計算対象に保存量があるならば,それを計算するのがよいだろう. 保存量とは時間によって変化しない,一定を保つ量のことである. エネルギーを散逸させるような,摩擦とか粘性がない系ならば,全エネルギーが保存しているはずである. つまり,ボール投げ問題では,運動エネルギーとポテンシャル(位置)エネルギーの和が一定である.
さきほど変更を加えた部分をさらに以下のように変更して全エネルギーの計算を行う.
xa= x(1) + u(1)*t
ya = y(1) + v(1)*t - 0.5d0*g*t**2
ua = u(1)
va = v(1) - g*t
E = 0.5d0*(u**2 + v**2) + g*y
Ea = 0.5d0*(ua**2 + va**2) + g*ya
open(unit=10,file='outputE.dat',status='replace')
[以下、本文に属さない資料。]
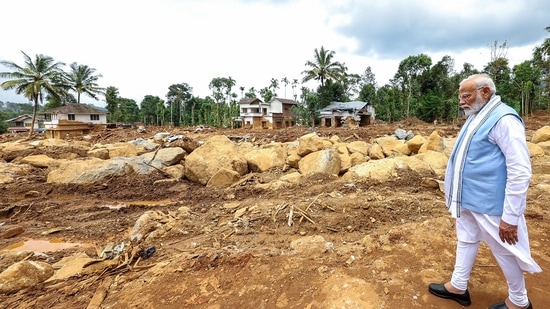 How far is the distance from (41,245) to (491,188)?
264 inches

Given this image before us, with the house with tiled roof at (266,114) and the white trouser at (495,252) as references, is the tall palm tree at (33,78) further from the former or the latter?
the white trouser at (495,252)

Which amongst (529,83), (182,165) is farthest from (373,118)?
(182,165)

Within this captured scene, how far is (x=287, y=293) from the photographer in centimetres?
254

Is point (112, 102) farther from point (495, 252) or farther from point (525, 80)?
point (525, 80)

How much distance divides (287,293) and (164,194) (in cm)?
648

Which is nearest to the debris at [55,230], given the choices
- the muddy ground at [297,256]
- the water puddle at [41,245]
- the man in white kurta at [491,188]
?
the muddy ground at [297,256]

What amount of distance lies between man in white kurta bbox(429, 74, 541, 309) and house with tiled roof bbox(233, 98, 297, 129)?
3537 cm

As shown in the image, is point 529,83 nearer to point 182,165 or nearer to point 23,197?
point 182,165

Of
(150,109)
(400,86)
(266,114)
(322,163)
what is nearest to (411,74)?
(400,86)

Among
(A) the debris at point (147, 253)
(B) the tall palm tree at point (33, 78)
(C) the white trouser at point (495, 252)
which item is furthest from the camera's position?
(B) the tall palm tree at point (33, 78)

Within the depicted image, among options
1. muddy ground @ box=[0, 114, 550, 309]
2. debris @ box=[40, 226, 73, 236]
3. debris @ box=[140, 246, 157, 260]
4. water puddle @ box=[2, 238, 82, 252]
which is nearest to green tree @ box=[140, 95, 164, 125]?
debris @ box=[40, 226, 73, 236]

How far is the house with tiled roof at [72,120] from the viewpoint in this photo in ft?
80.6

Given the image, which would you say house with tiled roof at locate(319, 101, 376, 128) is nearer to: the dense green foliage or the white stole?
the dense green foliage

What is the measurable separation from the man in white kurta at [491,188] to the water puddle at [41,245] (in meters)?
5.81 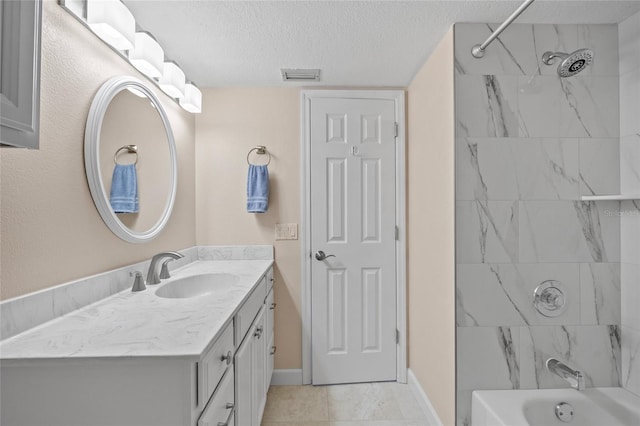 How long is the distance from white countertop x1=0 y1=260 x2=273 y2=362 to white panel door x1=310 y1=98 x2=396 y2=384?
41.6 inches

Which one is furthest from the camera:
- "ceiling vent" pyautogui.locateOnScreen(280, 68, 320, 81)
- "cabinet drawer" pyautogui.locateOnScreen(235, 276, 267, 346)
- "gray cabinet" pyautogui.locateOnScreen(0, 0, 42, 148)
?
"ceiling vent" pyautogui.locateOnScreen(280, 68, 320, 81)

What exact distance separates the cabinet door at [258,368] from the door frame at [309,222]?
1.73ft

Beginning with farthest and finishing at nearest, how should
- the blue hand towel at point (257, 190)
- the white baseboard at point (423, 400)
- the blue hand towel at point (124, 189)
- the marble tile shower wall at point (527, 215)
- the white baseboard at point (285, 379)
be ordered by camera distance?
the white baseboard at point (285, 379) → the blue hand towel at point (257, 190) → the white baseboard at point (423, 400) → the marble tile shower wall at point (527, 215) → the blue hand towel at point (124, 189)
write(10,*)'t, x, y, xa, ya, E, Ea'
do i = 1,n
write(10,*)t(i),',',x(i),',',y(i),',',xa(i),',',ya(i),',',E(i),',',Ea(i)
end do
close(10)
質量mも一定なのでE/mを計算している. 解析解による運動エネルギー(Ea)は一定だと分かっているので,いちいち計算する必要はないが, 一応計算した.一定値である.
オイラー法による結果では,全エネルギーが時間の経過とともに徐々に大きくなってしまっている.
ボールの軌道を比較したときには,解析解,数値解ともに放物線だったしまあいいかという気になった人もいるかもしれない. あるいは保存するはずの全エネルギーが増えてしまうのはおかしいと思った人もいるかもしれない.
Note
保存量がたしかに保存しているかどうかは,数値解析の精度の検証手段として有効である.ただし,保存量が保存しているからと言って,正しい結果が得られているとは限らない.